Independence isn't the end-all, be-all for open source projects, but the more a project represents a standard format whose value lies in its ecosystem, the more independence should matter.

Blurred Lines Made Less Blurry

Beyond unexpected changes, licensing shifts, and an uneven playing field for the ecosystem, there are other practices to be cautious of under the guise of being open. One strategy used to avoid some traditional licensing conflicts is to offer two versions of a project: an open-source version and a proprietary version controlled by a commercial entity. The proprietary version often receives new or exclusive features first.

This practice, in itself, isn't inherently bad. Many businesses maintain commercial proprietary forks of open-source projects, but usually, the commercial version has a different name than the open-source project. For example, in the world of data catalogs, Dremio is the main developer of Nessie, and Snowflake drives Polaris.

Both aim to become community-driven projects over time but will also drive integrated features in their respective commercial products under different names. For instance, if you set up your own Nessie catalog, it has a distinct name compared to the Dremio Enterprise Catalog (formerly Arctic) integrated into Dremio Cloud.

The Dremio Enterprise Catalog is powered by Nessie but has additional features, so the different names prevent confusion about available features or which documentation to reference.

In contrast, Databricks maintains internal forks of Spark, Delta Lake, and Unity Catalog, using the same names for both the open-source versions and the features specific to the Databricks platform. While they do provide separate documentation, online discussions often reflect confusion about how to use features in the open-source versions that only exist on the Databricks platform.

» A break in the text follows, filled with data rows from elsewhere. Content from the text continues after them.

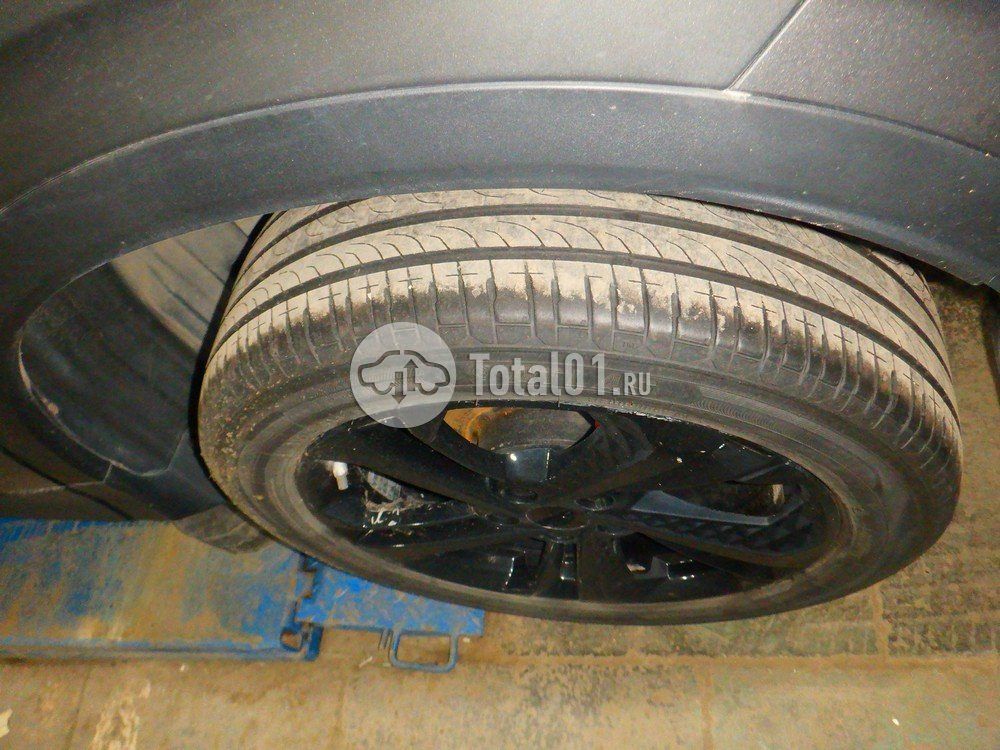 Фото Geely Coolray 174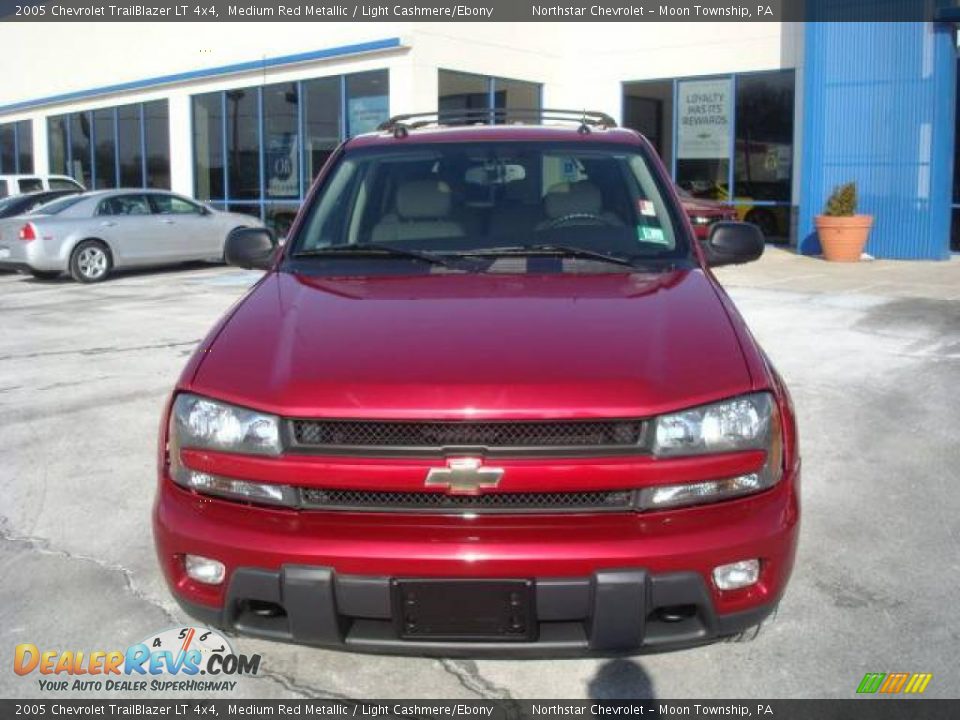 2005 Chevrolet TrailBlazer LT 4x4 Medium Red Metallic / Light Cashmere/Ebony Photo #8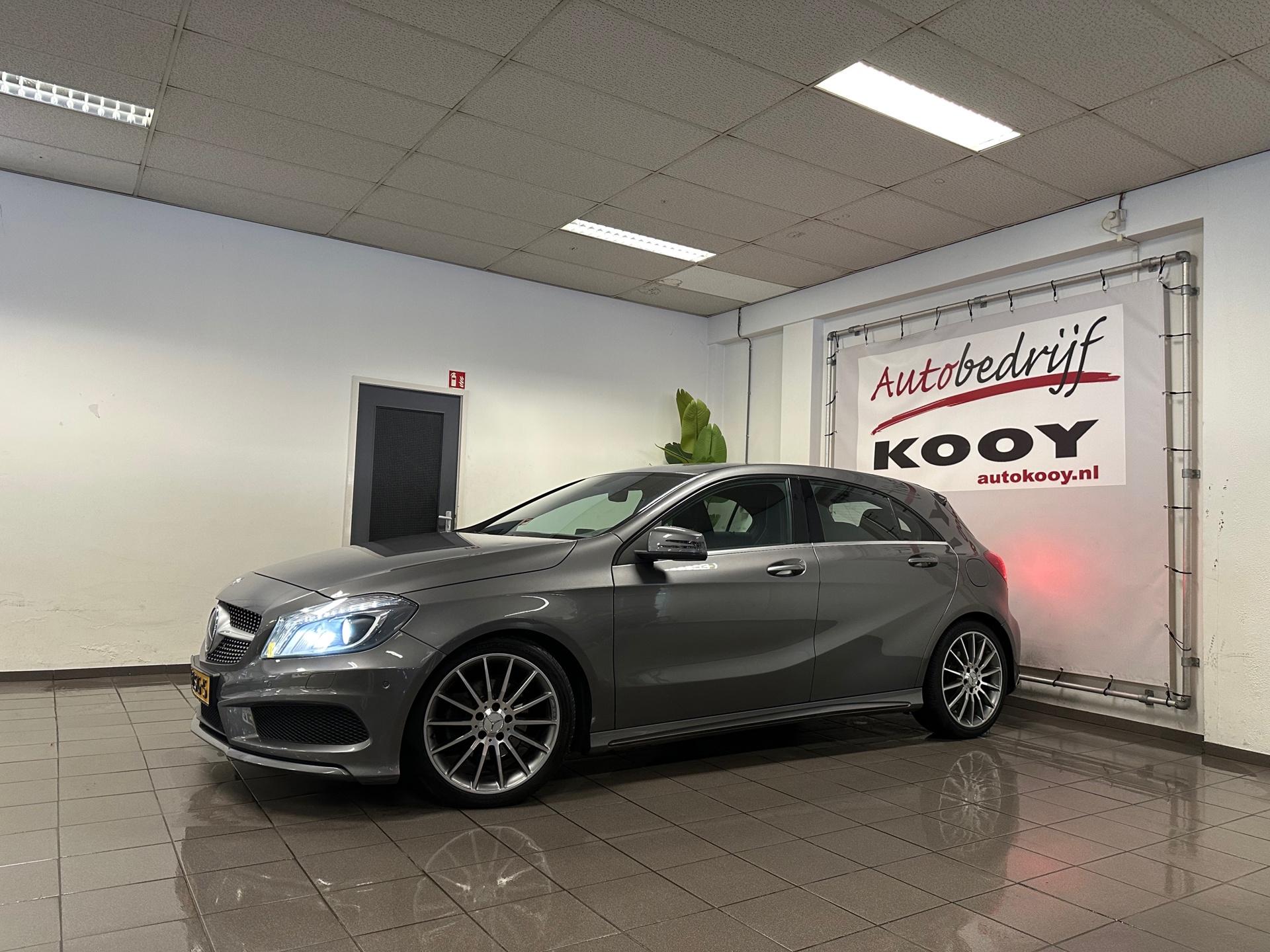 https://www.autokooy.nl//xml/images/43257855-9.JPG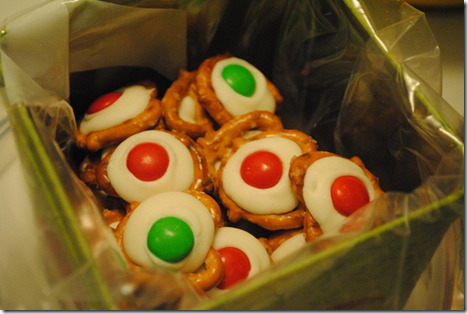 white chocolate holiday pretzel treats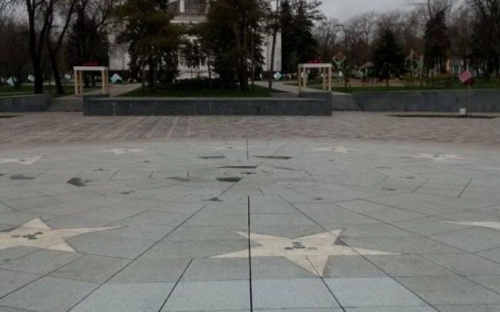 В центре Мариуполя устранили провал в танцующем фонтане (ФОТО)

This creates a "muddying of the waters" between what is open and what is proprietary. This isn't an issue if you are a Databricks user, but it can be quite confusing for those who want to use these tools outside of the Databricks ecosystem.

Closed Does Not Mean Bad

To clarify, the fact that a project does not adhere to the highest standards of openness or is even proprietary does not diminish the quality of the project's code, the skills of its developers, or the value it can provide to its users. However, openness can serve as a signal of certainty, fostering ecosystems for standards that benefit from a growing network effect.

Independent actors within these ecosystems feel more comfortable building upon such projects, which is particularly important for standards that affect how systems communicate with each other.